(Short web captions)
━━━━━━━━━━━━━━━━━━━━

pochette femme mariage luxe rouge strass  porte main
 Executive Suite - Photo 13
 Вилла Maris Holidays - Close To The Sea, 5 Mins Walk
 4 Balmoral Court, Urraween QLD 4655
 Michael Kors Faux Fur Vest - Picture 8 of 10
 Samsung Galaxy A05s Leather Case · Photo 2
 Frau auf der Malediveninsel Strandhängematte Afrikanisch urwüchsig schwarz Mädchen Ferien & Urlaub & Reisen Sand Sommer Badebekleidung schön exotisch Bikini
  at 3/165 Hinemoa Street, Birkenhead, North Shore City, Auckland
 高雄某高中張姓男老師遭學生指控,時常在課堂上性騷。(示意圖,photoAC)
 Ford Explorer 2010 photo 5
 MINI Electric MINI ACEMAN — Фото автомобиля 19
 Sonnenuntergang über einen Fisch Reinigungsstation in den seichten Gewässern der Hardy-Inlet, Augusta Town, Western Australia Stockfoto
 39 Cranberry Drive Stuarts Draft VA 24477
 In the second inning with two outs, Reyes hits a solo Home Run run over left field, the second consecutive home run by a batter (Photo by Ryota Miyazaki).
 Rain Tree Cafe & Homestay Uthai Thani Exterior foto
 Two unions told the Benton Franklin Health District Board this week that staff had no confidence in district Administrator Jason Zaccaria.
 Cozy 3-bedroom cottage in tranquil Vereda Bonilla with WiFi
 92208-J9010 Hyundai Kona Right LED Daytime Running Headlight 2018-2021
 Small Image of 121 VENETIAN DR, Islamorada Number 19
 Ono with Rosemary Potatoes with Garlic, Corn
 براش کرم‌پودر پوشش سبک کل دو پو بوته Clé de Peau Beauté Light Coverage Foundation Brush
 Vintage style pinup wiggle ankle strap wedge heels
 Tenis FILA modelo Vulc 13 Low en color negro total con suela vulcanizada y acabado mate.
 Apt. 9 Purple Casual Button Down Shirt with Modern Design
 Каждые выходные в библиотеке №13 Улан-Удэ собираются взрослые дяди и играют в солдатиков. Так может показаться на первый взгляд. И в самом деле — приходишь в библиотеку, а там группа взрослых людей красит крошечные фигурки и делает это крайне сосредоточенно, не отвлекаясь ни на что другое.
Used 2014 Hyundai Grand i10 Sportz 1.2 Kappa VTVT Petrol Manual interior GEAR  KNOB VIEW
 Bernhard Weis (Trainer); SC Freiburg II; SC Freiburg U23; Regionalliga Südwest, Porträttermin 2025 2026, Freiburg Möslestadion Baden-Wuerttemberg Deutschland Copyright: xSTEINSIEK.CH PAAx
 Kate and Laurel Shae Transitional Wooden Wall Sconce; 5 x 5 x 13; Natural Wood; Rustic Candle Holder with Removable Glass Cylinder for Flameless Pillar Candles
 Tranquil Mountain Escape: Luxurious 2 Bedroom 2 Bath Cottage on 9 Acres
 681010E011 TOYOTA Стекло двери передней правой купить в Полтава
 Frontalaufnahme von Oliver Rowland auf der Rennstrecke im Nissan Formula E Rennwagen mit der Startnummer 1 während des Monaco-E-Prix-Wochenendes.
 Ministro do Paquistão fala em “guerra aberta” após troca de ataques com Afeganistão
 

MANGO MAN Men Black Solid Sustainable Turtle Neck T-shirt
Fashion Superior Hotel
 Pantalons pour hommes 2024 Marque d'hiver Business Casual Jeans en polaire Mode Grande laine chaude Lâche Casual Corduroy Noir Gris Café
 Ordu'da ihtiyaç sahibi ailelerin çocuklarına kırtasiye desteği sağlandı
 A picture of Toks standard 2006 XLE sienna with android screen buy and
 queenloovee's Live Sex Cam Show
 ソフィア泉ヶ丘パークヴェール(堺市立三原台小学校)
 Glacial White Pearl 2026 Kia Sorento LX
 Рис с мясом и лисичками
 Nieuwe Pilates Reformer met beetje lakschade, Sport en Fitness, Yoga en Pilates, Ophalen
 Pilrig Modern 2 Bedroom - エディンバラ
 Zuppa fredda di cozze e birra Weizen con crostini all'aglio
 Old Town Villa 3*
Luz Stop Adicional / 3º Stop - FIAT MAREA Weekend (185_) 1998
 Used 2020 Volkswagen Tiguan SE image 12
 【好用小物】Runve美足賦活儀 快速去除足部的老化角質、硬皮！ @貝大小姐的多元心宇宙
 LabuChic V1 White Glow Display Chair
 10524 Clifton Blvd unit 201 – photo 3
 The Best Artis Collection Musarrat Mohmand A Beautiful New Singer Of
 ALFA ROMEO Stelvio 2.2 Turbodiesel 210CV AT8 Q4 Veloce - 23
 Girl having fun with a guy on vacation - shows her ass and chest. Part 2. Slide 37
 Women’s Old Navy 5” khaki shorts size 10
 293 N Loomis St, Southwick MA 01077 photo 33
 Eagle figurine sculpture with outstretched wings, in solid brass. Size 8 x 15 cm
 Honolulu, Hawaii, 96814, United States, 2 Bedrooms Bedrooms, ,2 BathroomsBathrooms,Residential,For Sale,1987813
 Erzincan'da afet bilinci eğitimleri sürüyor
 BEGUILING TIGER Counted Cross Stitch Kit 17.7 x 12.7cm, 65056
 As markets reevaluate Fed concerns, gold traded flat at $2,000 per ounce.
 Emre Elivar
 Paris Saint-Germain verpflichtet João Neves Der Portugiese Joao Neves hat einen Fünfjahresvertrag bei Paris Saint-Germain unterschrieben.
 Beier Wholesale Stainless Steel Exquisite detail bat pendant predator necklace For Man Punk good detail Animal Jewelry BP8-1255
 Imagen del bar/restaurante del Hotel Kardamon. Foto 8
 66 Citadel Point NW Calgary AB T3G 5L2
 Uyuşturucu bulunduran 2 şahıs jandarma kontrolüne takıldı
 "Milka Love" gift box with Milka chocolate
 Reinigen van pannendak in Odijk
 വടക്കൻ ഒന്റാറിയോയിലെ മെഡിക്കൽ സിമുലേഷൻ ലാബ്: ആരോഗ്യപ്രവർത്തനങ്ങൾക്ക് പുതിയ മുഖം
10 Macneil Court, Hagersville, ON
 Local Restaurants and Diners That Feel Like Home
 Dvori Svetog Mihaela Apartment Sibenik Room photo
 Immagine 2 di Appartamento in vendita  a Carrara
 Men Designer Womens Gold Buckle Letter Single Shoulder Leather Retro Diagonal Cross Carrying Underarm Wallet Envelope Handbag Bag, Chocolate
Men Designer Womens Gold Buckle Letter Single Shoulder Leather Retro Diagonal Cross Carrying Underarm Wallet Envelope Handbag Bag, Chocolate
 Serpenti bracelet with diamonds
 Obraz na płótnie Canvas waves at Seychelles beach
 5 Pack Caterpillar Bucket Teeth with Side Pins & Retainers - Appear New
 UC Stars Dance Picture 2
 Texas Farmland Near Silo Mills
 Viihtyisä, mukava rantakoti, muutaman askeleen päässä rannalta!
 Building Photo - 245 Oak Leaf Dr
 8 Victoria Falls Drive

━━━━━━━━━━━━━━━━━━━━

■ Problem details: Which lines in the data above hold the string "Cross"? Show each one.

■ Output for this task:
 BEGUILING TIGER Counted Cross Stitch Kit 17.7 x 12.7cm, 65056
 Men Designer Womens Gold Buckle Letter Single Shoulder Leather Retro Diagonal Cross Carrying Underarm Wallet Envelope Handbag Bag, Chocolate
Men Designer Womens Gold Buckle Letter Single Shoulder Leather Retro Diagonal Cross Carrying Underarm Wallet Envelope Handbag Bag, Chocolate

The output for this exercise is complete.